◆ **WORK TASK**
Retype word for word the stretch of entries below from the line that has "Exclusivo Mezcla Fleece" through the line that has "Fototapeta Tapeta 3D", and omit the pictures.

Start of EXERCISE DATA

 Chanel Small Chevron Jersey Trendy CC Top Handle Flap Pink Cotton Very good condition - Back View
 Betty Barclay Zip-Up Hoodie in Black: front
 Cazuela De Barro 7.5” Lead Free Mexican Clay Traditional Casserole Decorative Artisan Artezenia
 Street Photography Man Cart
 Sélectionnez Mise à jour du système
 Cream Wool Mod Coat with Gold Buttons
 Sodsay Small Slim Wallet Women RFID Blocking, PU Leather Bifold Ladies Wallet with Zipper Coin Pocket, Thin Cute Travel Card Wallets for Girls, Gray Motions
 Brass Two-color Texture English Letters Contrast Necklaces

End of EXERCISE DATA
Start of EXERCISE DATA

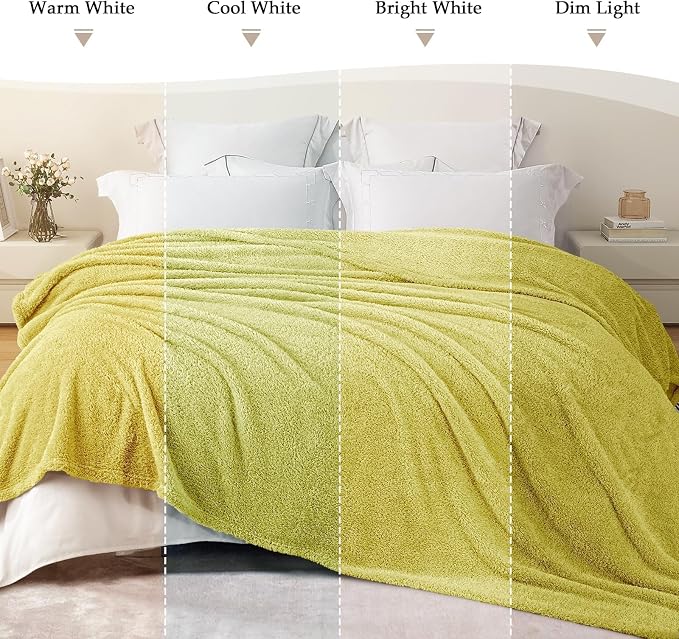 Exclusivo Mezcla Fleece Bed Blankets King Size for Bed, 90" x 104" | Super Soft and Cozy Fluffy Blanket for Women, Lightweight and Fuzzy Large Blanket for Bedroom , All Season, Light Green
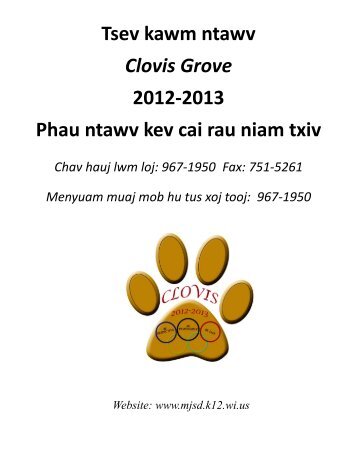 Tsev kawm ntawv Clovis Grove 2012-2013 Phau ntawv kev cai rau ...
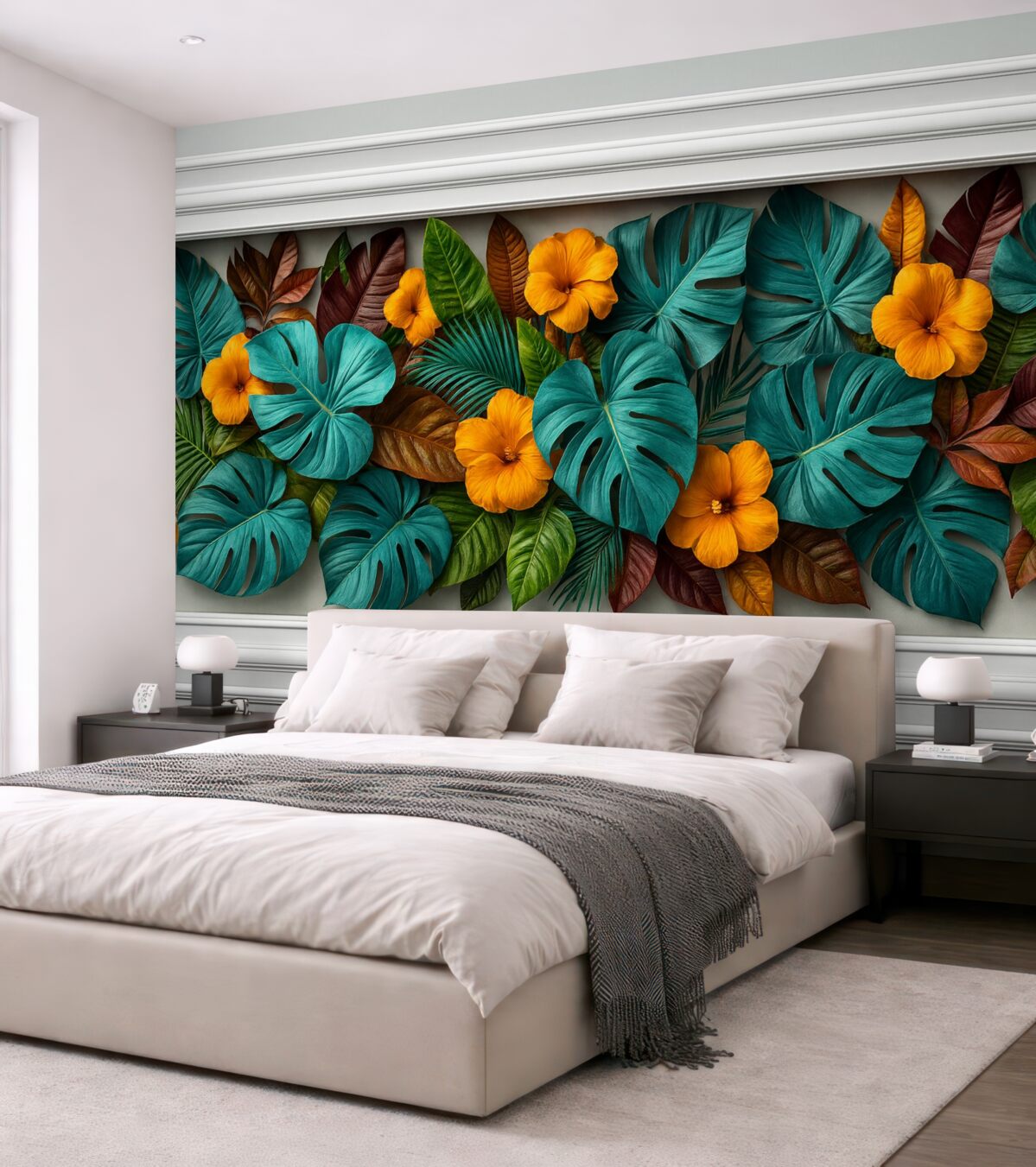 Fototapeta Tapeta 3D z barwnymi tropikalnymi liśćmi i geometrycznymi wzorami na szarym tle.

End of EXERCISE DATA

◆ **REPLY TO THE TASK**
 Exclusivo Mezcla Fleece Bed Blankets King Size for Bed, 90" x 104" | Super Soft and Cozy Fluffy Blanket for Women, Lightweight and Fuzzy Large Blanket for Bedroom , All Season, Light Green
 Tsev kawm ntawv Clovis Grove 2012-2013 Phau ntawv kev cai rau ...
 Fototapeta Tapeta 3D z barwnymi tropikalnymi liśćmi i geometrycznymi wzorami na szarym tle.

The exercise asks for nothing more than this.